▶ [Work instructions]: For the records below, output word for word the lines from the one with "thumbnail image 5" up to and including the one with "Teren intravilan 5995". No pictures.

▶ [Exercise inputs]:
※
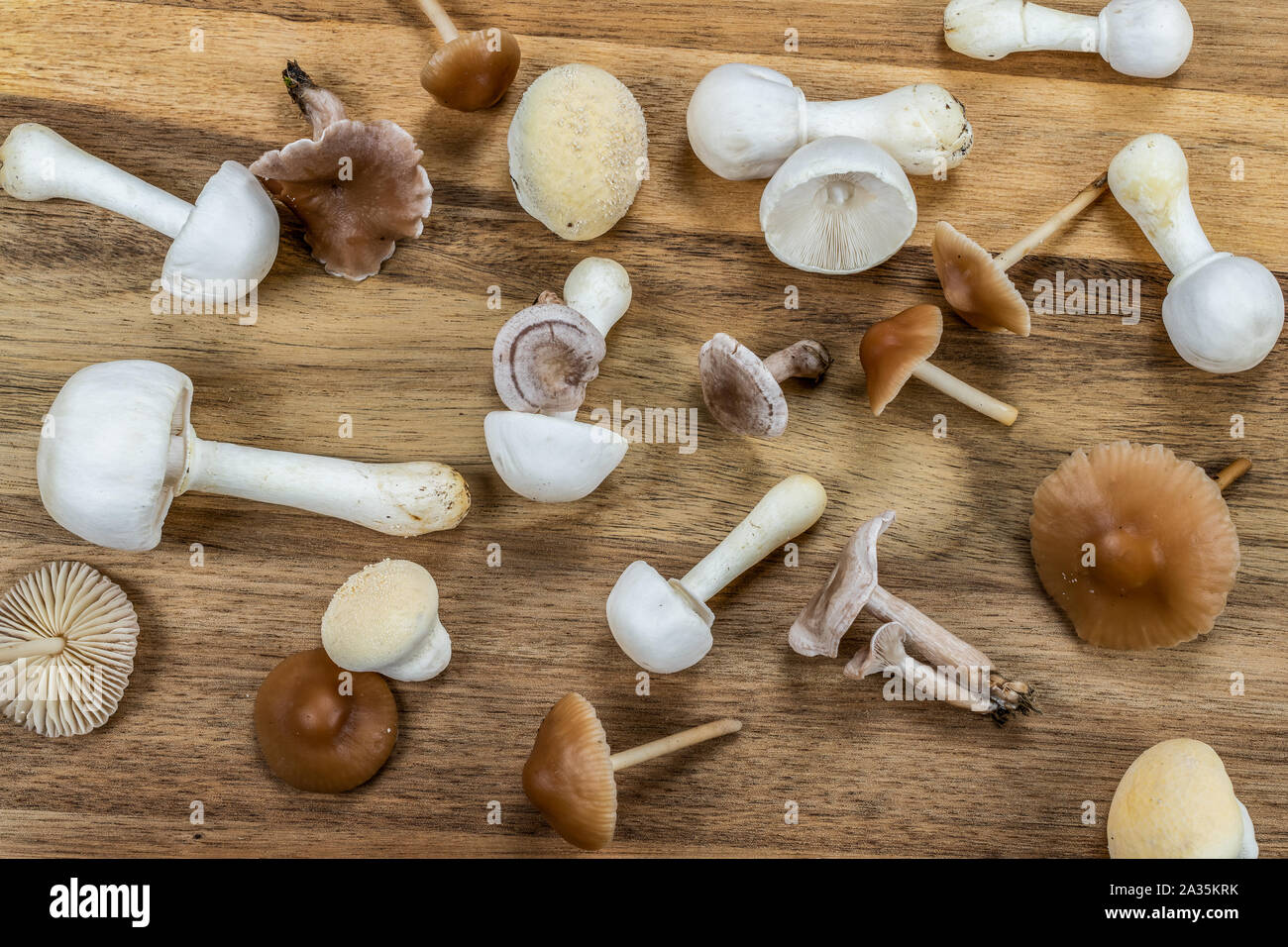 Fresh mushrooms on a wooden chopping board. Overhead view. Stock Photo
※
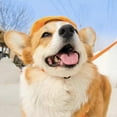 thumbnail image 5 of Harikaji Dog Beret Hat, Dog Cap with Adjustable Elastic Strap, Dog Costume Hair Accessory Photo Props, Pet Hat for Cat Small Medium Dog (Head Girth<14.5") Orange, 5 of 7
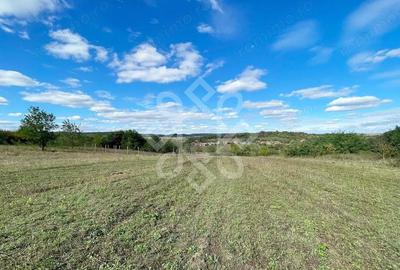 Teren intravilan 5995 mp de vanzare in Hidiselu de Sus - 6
※
▶ [Answer to the problem]:
 thumbnail image 5 of Harikaji Dog Beret Hat, Dog Cap with Adjustable Elastic Strap, Dog Costume Hair Accessory Photo Props, Pet Hat for Cat Small Medium Dog (Head Girth<14.5") Orange, 5 of 7
 Teren intravilan 5995 mp de vanzare in Hidiselu de Sus - 6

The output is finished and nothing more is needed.